> _Work to be completed_: Of the entries below, restate word for word only the section that runs from the line with "チュムポーン県 白地図" to the line with "Autism tap - T-shirt", counting both ends.

[[ Data for this exercise, beginning ]]

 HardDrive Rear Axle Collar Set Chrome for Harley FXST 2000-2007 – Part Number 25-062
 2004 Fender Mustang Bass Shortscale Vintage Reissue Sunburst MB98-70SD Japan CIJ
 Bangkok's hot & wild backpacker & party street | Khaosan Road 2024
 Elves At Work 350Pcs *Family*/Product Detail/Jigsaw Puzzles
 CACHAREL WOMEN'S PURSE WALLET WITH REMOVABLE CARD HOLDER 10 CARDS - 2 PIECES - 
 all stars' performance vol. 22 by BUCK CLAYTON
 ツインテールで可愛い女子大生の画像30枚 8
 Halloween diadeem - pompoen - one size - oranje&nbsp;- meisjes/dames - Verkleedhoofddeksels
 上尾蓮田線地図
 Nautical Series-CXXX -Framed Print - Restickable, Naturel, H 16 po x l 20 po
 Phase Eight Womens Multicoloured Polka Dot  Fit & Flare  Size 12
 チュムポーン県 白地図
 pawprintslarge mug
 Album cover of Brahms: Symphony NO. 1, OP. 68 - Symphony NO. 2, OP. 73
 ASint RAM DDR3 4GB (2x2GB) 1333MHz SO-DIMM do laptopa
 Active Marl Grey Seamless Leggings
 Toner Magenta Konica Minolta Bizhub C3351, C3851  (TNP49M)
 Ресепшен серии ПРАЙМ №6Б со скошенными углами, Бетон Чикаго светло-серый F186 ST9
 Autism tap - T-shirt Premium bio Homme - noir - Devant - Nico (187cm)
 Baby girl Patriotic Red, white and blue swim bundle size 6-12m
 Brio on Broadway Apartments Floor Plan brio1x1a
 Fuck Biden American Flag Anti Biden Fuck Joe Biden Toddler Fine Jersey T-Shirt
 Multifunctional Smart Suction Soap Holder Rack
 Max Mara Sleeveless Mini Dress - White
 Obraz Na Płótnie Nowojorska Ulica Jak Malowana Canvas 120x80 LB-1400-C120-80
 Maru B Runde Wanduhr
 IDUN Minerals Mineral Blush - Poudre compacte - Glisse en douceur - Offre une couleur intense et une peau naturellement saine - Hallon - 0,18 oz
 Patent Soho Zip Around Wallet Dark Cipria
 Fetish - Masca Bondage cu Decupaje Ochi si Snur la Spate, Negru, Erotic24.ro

[[ Data for this exercise, end ]]

> _Finished task_:
 チュムポーン県 白地図
 pawprintslarge mug
 Album cover of Brahms: Symphony NO. 1, OP. 68 - Symphony NO. 2, OP. 73
 ASint RAM DDR3 4GB (2x2GB) 1333MHz SO-DIMM do laptopa
 Active Marl Grey Seamless Leggings
 Toner Magenta Konica Minolta Bizhub C3351, C3851  (TNP49M)
 Ресепшен серии ПРАЙМ №6Б со скошенными углами, Бетон Чикаго светло-серый F186 ST9
 Autism tap - T-shirt Premium bio Homme - noir - Devant - Nico (187cm)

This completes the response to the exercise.